Eine Nische vor unserem Haus eignete sich vor Jahren sehr gut, sie zu bepflanzen. Wir überlegte eine Weile und entschieden uns dann für einen Bambus. Immergrün, winterhart, gut zu schneiden, optisch wirklich ganz schön – diese Pflanze erschien uns wie eine sehr gute Idee. Mein Mann informierte sich im Netz und pflanzte den Bambus in eine Plastikwanne, um ein zu starkes Ausbreiten der Wurzeln zu vermeiden. Immer wieder in den vergangenen Jahren sprossen vorwitzige Wurzeln ÜBER den Rand der Wanne und verkrochen sich im umliegenden Erdreich. Immer wieder kappte mein Mann diese – kein Problem. Jahrelang erfreuten wir uns an diesem Gewächs: Immergrün, winterhart, gut zu schneiden, optisch wirklich ganz schön.

Bis zum letzten Wochenende. Ein etwas intensiverer Blick in das um den Topf liegende Erdreich offenbarte die durchschlagende Wirkung der „guten Idee“: In einer spontanen und kraftraubenden Vormittagsaktion musste der Bambus weichen – und mit ihm jede Menge Wurzelwerk, das sich entschlossen aufgemacht hatte in Richtung Hausdämmung und unter die angrenzende Pflasterung. Die Nische liegt jetzt brach, abgedeckt durch eine Folie, um die verbliebenen Wurzelreste auszutrocknen und davon abzuhalten, sich zu neuen kleinen Bambuspflanzen auszuwachsen.

Freundlicherweise kämpfte unser Nachbar gleichzeitig gegen eine seiner „guten Ideen“: Knöterich wächst so schön an Sichtschutzwänden hoch – und auf der anderen Seite wieder runter.
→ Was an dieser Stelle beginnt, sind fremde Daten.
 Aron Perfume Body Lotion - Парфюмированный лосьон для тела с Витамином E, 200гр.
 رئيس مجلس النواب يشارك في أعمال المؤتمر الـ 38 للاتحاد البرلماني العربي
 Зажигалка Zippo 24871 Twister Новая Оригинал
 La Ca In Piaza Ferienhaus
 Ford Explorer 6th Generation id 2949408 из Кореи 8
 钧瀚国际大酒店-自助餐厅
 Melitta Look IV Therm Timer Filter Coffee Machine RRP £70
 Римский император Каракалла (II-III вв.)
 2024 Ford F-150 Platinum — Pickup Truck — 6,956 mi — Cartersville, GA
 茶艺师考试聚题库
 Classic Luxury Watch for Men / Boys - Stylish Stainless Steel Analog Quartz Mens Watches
Die über der Erde liegenden Ausläufer sind nichts im Vergleich zu den großflächig und weitreichend im Erdreich wuchernden Wurzeln auf dem eigenen und auf dem Nachbargrundstück.

Hausbesitzer sind eben nicht automatisch Experten in Sachen Gartenanlage. Manchmal braucht es ein paar Vegetationsperioden, um die wirklich guten Ideen von den weniger guten zu unterscheiden.